Я обрадовался его предложению — можно размять ноги и узнать о своих соседях по штрафному изолятору. На двери каждой камеры висела картонная табличка с указанием, за что заключенный попал в карцер и на какой срок. Я катил свою тележку от камеры к камере, вкладывая в прорези кормушек порции жареной рыбы с рисом, и читал: «№ 8. Неподчинение приказу. 15 дней»… «№ И. Драка с № 19.30 дней»… «№ 14. Храпение холодного оружия. 90 дней с последующим переводом на строгий режим»… «№ 25. Изготовление алкогольного напитка 45 дней»… «№ 27…».

Тут я остановился. Перед дверью камеры № 27 сидел на стуле надзиратель — тот, что входил ко мне с молотком.
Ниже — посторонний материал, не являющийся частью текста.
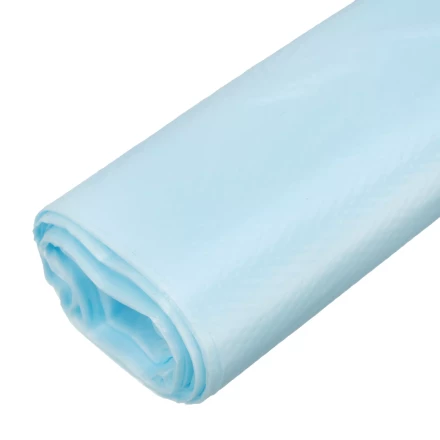 Пакеты для хранения продуктов особо прочные, 400x260 мм, 35 шт, цвет голубой лед, Home Palisad 95006 купить в Муравленко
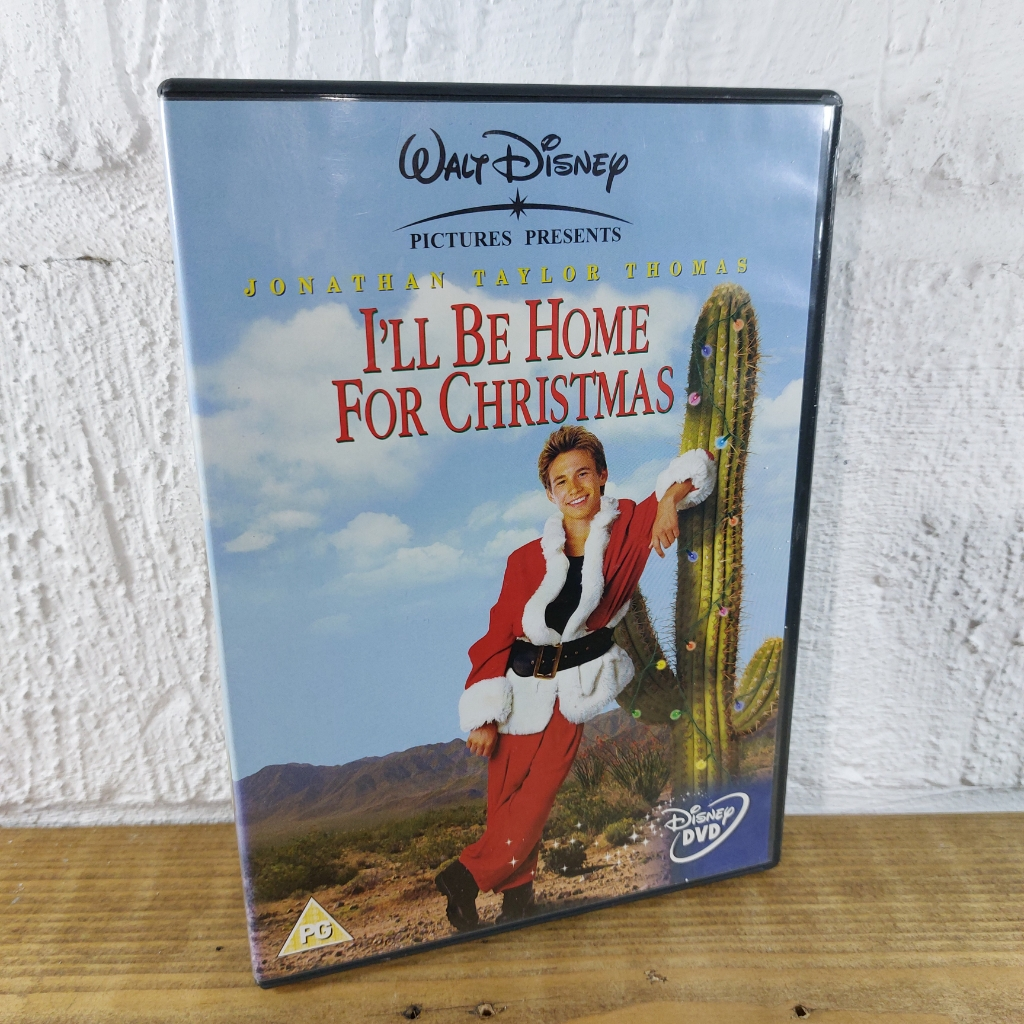 I'll Be Home For Christmas (DVD, 2008) (2008)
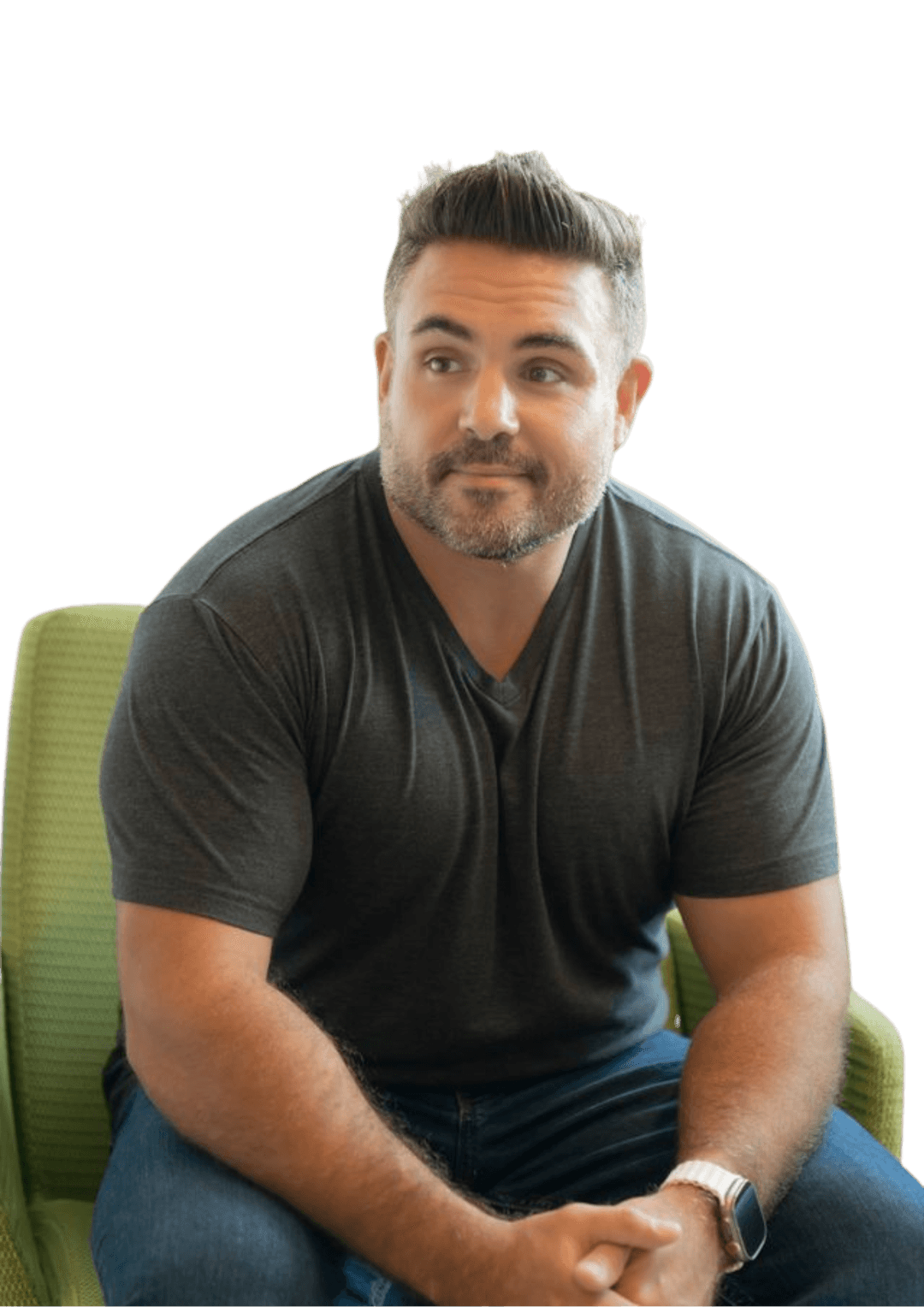 Mark Gordon, The Rebel CRO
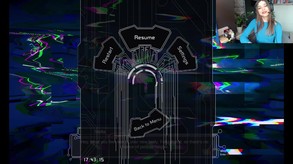 Split - manipulate time, make clones and solve cyber puzzles from the future! screenshot thumbnail video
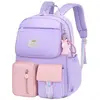 KEXIMIXUE Cartable Fille Primaire Sac à Dos Enfant Sacs Scolaires Fill...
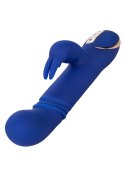 Heated Thrusting G Rabbit Blue CalExotics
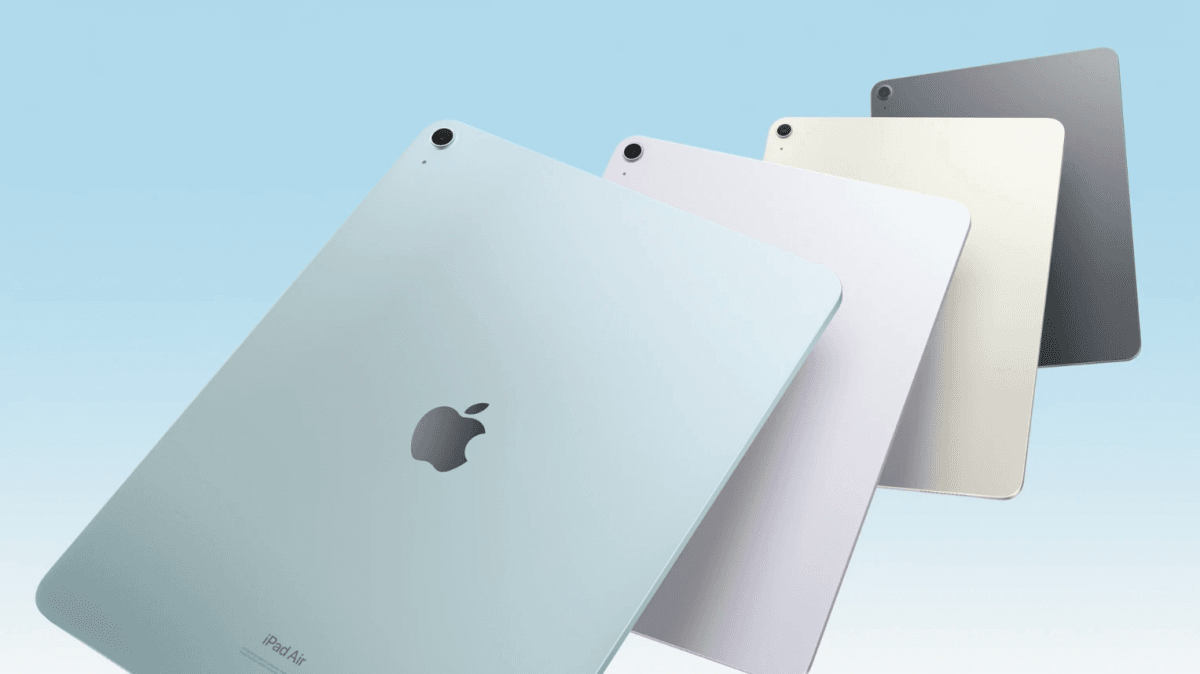 iPad Air 2024 iPad Air 2024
Каждые 10–15 секунд он заглядывал в глазок.

— Этот есть не будет.

— Понятно, — ответил я.

Но на самом деле было непонятно. Может быть, больной?

Сквозь глазок я успел заметить худенького белого паренька — не старше двадцати на вид — ничком на койке. Он был в одних трусах и лежал прямо на матрасе, без одеяла и простыни.

Я взглянул на табличку: «№ 27. Неопределенный срок содержания. Особый надзор. Попытка самоубийства через повешение».

Я страшно проголодался за этот день, и порция 27-го номера пришлась кстати. Засыпая, я помолился за беднягу.

Вообще-то за самоубийц нельзя, но ведь он не успел.